Robust recursive absolute value inequalities discriminant analysis with sparseness
Introduction
Feature extraction plays an important role in pattern recognition. Extracting good features not only can identify the features that contribute most to classification, but also can enhance the performance of classifiers, especially for high dimensional problems Belhumeur et al. (1997), Deng et al. (2012), Martnez and Kak (2001). Generally, dimensionality reduction (DR) is a powerful tool to achieve the goal of feature extraction. Among various methods, principal component analysis (PCA) Bro and Smilde (2014), Jolliffe and Cadima (2016), Smith (2002), Turk and Pentland (1991) and linear discriminant analysis (LDA) Fisher (1936), Izenman (2013), Scholkopft and Mullert (1999), Wang et al. (2016), Yan et al. (2014) are the most popular approaches for dimensionality reduction. LDA seems more interesting since it uses class information directly and is beneficial to the study of the class relationship between data samples, which is important for multivariate data analysis. In fact, for supervised learning, LDA is regarded as the most fundamental and powerful way. The main idea of LDA is to seek a projection transformation such that the between-class scatter is maximized and meanwhile the within-class scatter is minimized, and in turn results in few discriminative features.
However, it is known that the conventional LDA is sensitive to outliers and noises due to its L2-norm formulation. Comparing to L1-norm distance, which is absolute values operation in essence, L2-norm will exaggerate the influence of outliers or noises to some extent, while the robust property of L1-norm has been addressed and developed already Aanas et al. (2002), Wang et al. (2012), Kwak (2008), la Torre and Black (2003), Li et al. (2015), Li et al. (2016), Jeyakumar et al. (2014). Here, we refer the robust property, or robustness, as the insensitivity to outliers and noises. Moreover, conventional L2-norm LDA may suffer from the small sample size (SSS) problem owing to the difficulty in evaluating the within-class scatter matrix Cai et al. (2008), Pang et al. (2014), Qiao et al. (2008), Wang and Tang (2004), Xiang et al. (2006), when the number of features is much larger than the number of samples. This makes the direct implementation of LDA an intractable task.

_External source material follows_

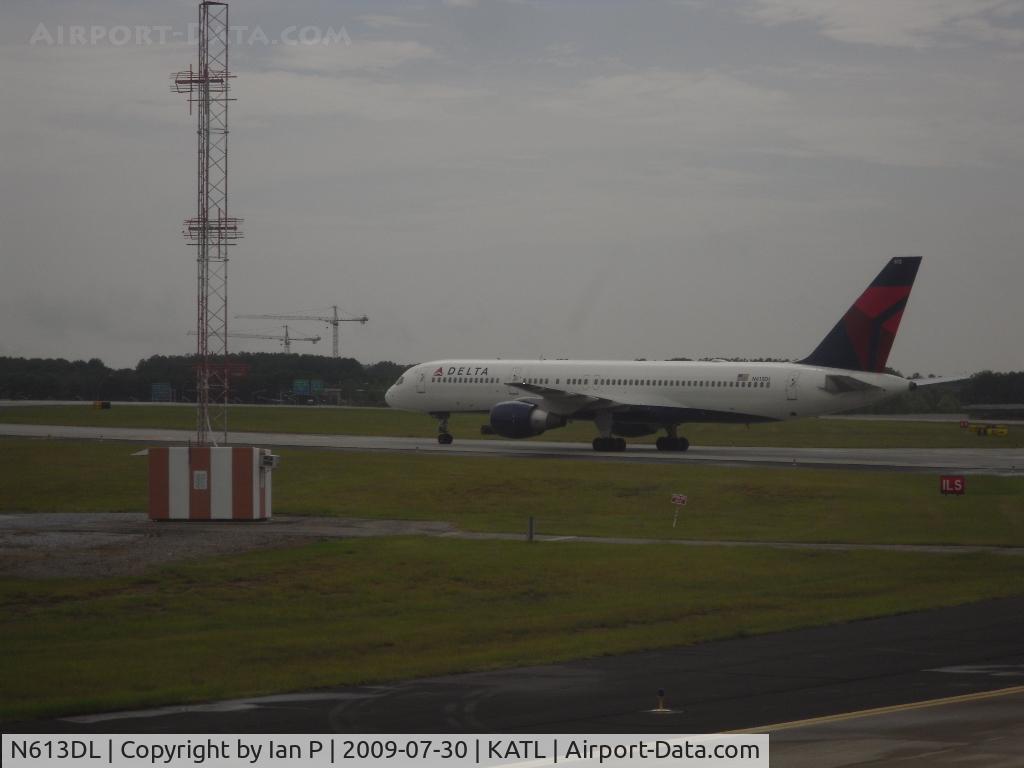 N613DL, 1985 Boeing 757-232 C/N 22820, N613DL at ATL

To deal with the above problems, some strategies have been presented. One of them is called robust LDA, such as L1-norm based LDA (LDA-L1) Wang et al. (2014), Zhong and Zhang (2013). It has the same formulation of LDA but with L2-norm replaced with L1-norm, which was proved to be more robust than the conventional L2-norm LDA and can avoid the SSS problem. Another one is inspired by the study of support vector machine (SVM). As we know, LDA needs to solve an eigenvalue problem, while some SVM models also need to solve eigenvalue problems, such as generalized eigenvalue proximal support vector machine (GEPSVM) (Mangasarian & Wild, 2006), which has been improved by twin support vector machine (TWSVM) (Khemchandani & Chandra, 2007) and projection twin support vector machine (PTSVM) (Chen, Yang, & Ye, 2011) by reformulating the eigenvalue problems to quadratic programming problem (QPP). Following this point of view, recursive “concave-convex” fisher linear discriminant (RPFLD) (Ye, Zhao, & Zhang, 2012) reformulates LDA to a combination of multiple related SVM-type (Ye et al., 2012) problems, which can avoid the SSS problem. However, both LDA-L1 and RPFLD miss an important characteristic in feature extraction called sparseness Clemmensen et al. (2011), Han and Clemmensen (2016), Shi et al. (2014), which is possessed by the discriminant vectors that have a number of zeros. Therefore, it is encouraging to avoid the SSS problem and implement the sparseness when one designs discriminant analysis model.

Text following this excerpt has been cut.